- Task prompt:
Go through the entries and copy every line that has the string "full" in it.

- Input records:
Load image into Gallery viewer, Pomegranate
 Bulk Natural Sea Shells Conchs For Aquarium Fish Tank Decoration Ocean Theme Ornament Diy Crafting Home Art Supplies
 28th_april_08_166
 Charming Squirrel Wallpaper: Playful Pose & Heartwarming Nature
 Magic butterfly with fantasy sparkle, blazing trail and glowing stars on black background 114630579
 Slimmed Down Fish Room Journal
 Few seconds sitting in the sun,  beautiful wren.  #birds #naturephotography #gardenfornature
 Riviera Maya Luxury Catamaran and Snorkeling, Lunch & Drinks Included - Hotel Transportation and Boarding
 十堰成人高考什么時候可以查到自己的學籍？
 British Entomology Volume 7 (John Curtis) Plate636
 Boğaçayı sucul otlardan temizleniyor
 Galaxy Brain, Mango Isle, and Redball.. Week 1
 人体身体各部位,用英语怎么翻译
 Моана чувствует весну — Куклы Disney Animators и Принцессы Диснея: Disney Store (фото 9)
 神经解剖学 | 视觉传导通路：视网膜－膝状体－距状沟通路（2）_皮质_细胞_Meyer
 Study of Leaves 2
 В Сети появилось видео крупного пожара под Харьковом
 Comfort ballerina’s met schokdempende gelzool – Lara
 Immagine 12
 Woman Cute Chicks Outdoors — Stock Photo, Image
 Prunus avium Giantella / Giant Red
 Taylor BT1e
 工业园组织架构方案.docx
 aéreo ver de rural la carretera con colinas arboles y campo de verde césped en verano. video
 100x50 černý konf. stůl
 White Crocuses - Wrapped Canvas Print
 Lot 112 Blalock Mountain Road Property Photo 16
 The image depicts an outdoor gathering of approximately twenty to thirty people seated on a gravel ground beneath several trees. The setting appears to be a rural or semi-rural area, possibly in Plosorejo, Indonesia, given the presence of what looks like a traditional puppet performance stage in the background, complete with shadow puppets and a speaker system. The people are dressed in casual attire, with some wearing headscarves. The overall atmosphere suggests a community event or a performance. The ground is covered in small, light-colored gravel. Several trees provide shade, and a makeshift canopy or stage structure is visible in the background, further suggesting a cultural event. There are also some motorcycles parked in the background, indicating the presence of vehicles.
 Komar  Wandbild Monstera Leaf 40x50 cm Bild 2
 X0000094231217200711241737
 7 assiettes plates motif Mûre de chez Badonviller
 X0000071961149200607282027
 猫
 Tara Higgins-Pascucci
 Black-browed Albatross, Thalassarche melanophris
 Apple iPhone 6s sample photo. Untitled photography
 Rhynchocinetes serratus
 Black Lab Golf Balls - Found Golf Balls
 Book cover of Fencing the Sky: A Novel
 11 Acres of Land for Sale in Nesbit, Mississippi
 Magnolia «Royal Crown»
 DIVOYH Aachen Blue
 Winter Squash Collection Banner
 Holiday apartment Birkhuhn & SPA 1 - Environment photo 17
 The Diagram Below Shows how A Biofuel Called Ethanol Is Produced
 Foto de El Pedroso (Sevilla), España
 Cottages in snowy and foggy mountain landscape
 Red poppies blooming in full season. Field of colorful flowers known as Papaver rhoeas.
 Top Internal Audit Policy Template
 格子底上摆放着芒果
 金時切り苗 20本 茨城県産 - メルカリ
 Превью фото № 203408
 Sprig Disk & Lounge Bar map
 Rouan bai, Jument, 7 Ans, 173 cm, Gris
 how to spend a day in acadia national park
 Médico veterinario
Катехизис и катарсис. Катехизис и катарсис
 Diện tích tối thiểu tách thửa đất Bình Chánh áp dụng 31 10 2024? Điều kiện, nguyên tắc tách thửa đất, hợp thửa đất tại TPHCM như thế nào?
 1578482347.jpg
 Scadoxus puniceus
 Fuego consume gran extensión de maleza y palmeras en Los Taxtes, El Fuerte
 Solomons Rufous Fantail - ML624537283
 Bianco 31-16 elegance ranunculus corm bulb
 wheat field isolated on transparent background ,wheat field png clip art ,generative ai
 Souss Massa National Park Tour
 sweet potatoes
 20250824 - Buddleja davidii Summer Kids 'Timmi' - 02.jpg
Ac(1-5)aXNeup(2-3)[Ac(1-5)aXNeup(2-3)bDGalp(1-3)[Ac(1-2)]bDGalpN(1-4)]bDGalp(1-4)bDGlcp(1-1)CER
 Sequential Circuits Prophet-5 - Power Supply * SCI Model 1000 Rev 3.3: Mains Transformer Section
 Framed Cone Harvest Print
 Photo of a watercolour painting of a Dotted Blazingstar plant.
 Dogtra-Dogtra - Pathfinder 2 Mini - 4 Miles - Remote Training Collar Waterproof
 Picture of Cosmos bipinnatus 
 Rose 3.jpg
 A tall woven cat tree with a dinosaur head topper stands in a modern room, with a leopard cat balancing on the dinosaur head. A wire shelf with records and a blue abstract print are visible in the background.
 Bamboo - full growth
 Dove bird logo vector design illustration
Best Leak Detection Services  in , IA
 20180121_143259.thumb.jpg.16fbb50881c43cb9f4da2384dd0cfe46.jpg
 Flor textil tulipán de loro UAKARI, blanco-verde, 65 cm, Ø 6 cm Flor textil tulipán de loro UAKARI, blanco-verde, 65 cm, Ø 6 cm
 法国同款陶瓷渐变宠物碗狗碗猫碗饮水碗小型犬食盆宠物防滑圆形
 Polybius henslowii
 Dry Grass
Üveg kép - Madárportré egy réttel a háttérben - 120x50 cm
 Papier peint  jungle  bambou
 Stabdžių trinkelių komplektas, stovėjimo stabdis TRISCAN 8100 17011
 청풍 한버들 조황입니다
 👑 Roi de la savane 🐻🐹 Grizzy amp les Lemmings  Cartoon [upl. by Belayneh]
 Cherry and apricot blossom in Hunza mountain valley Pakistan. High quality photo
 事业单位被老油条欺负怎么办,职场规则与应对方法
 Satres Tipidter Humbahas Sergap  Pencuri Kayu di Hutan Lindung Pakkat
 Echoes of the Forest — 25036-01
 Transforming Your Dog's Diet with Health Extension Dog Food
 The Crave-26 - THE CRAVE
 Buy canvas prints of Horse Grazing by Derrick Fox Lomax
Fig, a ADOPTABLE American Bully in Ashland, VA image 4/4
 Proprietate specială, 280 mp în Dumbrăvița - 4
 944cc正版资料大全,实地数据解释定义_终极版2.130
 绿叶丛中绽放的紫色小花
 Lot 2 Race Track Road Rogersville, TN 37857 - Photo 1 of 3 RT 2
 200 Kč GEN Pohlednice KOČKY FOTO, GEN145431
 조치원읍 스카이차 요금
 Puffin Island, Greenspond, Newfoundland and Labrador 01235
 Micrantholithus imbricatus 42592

- Exercise solution:
 Red poppies blooming in full season. Field of colorful flowers known as Papaver rhoeas.
 Bamboo - full growth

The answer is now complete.